Development of a concussion perceptions questionnaire


The prevalence and consequences of concussion injury have given impetus to efforts to curb concussion injury and reduce long-term effects through public awareness and education campaigns directed at concussion beliefs. The field lacks a standardized instrument to measure concussion beliefs. We report on the development of a concussion perceptions questionnaire (CPQ). We base the CPQ on the Common Sense Model (CSM) of Illness Representation. The CSM is a systems approach to self-regulation, which posits that processing of internal and external stimuli prompt mental and emotional representations of health that guide coping and prevention behaviours, which are then appraised relative to valued outcomes. Items were modified from the Illness Perceptions Questionnaire - Revised. We validated the CPQ using attitudes and intentions items towards protective behaviour derived from a review of the literature, concussion programs and the authors’ personal experience and knowledge of concussion injury in sporting contexts. To examine scale structure, we administered items (38) to a sample of 243 undergraduate students (20y, 87% women, 28% athletes, 34% concussion exposure). We validated the scale with items examining attitudes and intentions toward prevention behaviours. We used principal components analysis to examine scale structure, item loading and model fit. Reliability coefficients were subsequently generated for identified subscales.
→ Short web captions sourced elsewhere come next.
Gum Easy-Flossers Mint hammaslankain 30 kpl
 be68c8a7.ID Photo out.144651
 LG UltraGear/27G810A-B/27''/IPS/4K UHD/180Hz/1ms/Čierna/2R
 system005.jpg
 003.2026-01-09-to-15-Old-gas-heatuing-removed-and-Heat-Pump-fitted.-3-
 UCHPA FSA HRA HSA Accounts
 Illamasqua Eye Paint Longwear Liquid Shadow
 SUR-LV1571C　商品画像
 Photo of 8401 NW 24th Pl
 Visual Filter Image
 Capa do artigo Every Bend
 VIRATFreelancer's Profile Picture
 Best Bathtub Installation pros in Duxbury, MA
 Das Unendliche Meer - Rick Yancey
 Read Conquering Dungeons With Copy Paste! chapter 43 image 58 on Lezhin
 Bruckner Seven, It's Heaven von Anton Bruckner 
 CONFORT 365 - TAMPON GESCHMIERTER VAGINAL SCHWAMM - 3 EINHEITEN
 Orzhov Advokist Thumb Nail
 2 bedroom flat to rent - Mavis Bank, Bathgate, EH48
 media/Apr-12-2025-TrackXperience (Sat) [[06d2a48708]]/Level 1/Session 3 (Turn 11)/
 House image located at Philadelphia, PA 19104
Analysis yielded seven subscales consistent with the dimensions identified in previous research (personal and treatment control, timeline, cyclicality, understanding, consequences, emotions) accounting for 67 percent of the variance. Item loadings (all > .56) and communalities (all >.44) were satisfactory. Cronbach’s alpha was acceptable (>.71) for all but the personal control subscale (.61). Factor scores were related to attitudes and intentions towards protective behaviours in predictable ways. The CPQ provides a theoretical informed, empirically sound and efficient base for conducting research and evaluating concussion beliefs.